Three years ago, Libeskind was selected as the designer of the soon-to-be-erected freestanding wing of the Denver Art Museum. At the time, he was a hot up-and-comer with only one building to his credit, the Jewish Museum in Berlin.

Now, with the most important commission of our time in his lap, he's one of the most significant architects of the 21st century. This will raise the profile of his Denver project dramatically, since it is scheduled to be completed just as the New York project breaks ground. It's an unfolding bonanza that's even more than endlessly optimistic DAM director Lewis Sharp could possibly have hoped for.

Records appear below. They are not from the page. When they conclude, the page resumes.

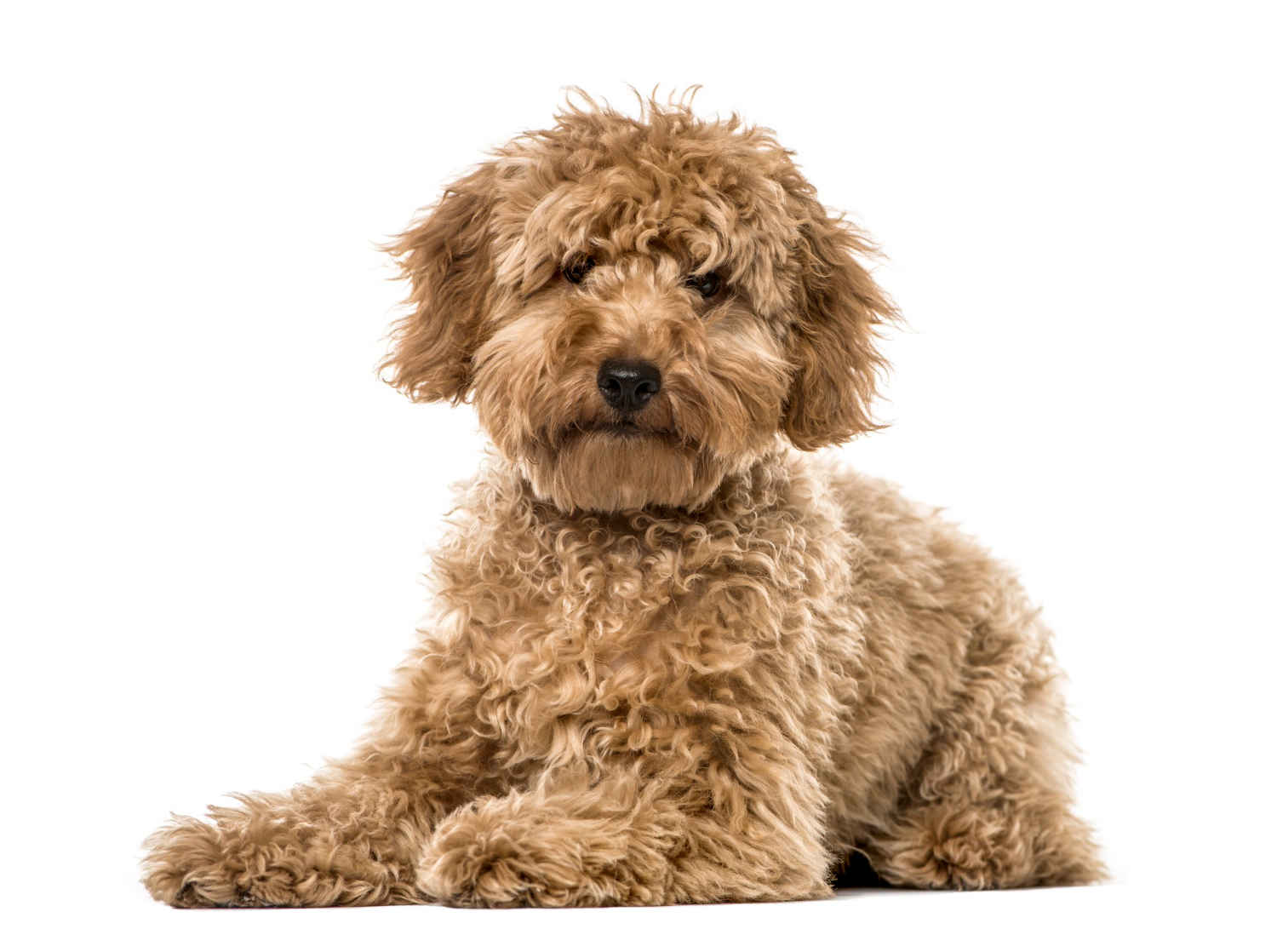 What are some signs that your Poodle puppy may be feeling anxious or scared?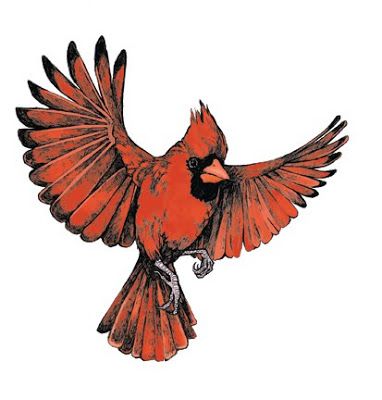 red bird Cardinal Flying Drawing, Cardinal Flying, Flying Cardinal, Cardinal Bird Tattoos, Cardinal Drawing, Cardinal Birds Art, Swallow Bird Tattoos, Red Bird Tattoos, Bird Quilts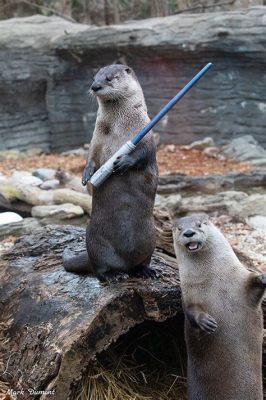  The Otter and His Friends - Một Câu Chuyện về Tình Bạn và Sự Thật Thắng!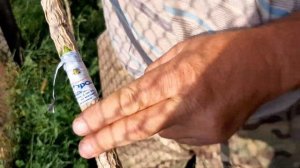 Летняя прививка фундука на медвежий орех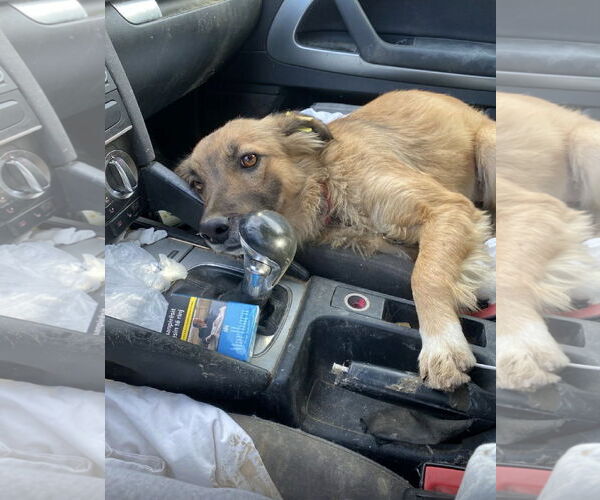 Medium Photo #3 Mutt Puppy For Sale in NYC, NY, USA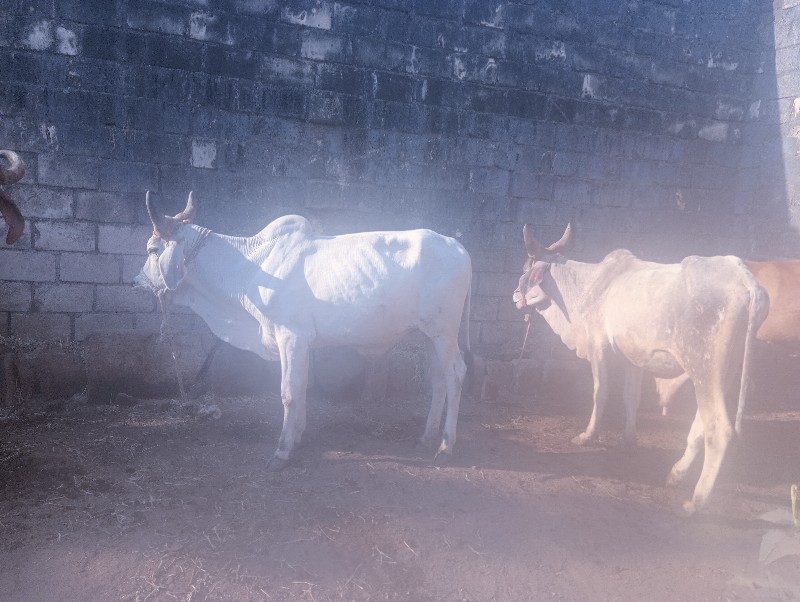 ગોડલા વેચવાના છ...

The new wing of the DAM is conceived as one part of a three-building complex. The first phase, the parking garage, is about to open. And next month, ground is to be broken on the second phase, the museum wing. No date has been announced for the third component, a residential high-rise to be erected with private funds.

I had worried that Denver's sinking economy would sink this last piece, severely damaging the overall composition aesthetically. The spiky tower is an essential element that will link the distinctive new wing to the equally distinctive existing building by Gio Ponti and James Sudler. The tower will also help to visually contain the all-but-uncontainable jagged form of the wing. But with Libeskind having scored the World Trade Center plum, I'm sure investors will be lining up, the economy be damned. Thank goodness!


Another architect who is well known in Denver also turned up in the news lately; this story, though, was not about a triumph, but about a tragedy. Curt Dale, a principal in the distinguished architectural firm of Anderson Mason Dale, was killed last month in an avalanche in Colorado's high country. Though Dale's companions dug him out of the snow immediately after the accident, he died some hours later. The area where the avalanche occurred is hardly remote, but it is rugged, and the Chaffee Country Sheriff's Office and the Chaffee County Search and Rescue had to call in a National Guard helicopter to remove Dale's body.

Dale's firm has been involved in the design of a number of high-profile buildings that went up during the boom of the past few years. These include the Daniels School of Business, on the campus of the University of Denver; the just-opened Alfred A. Arraj Federal Courthouse, at 901 19th Street; and one of the best structures to rise in the Platte Valley, Ocean Journey.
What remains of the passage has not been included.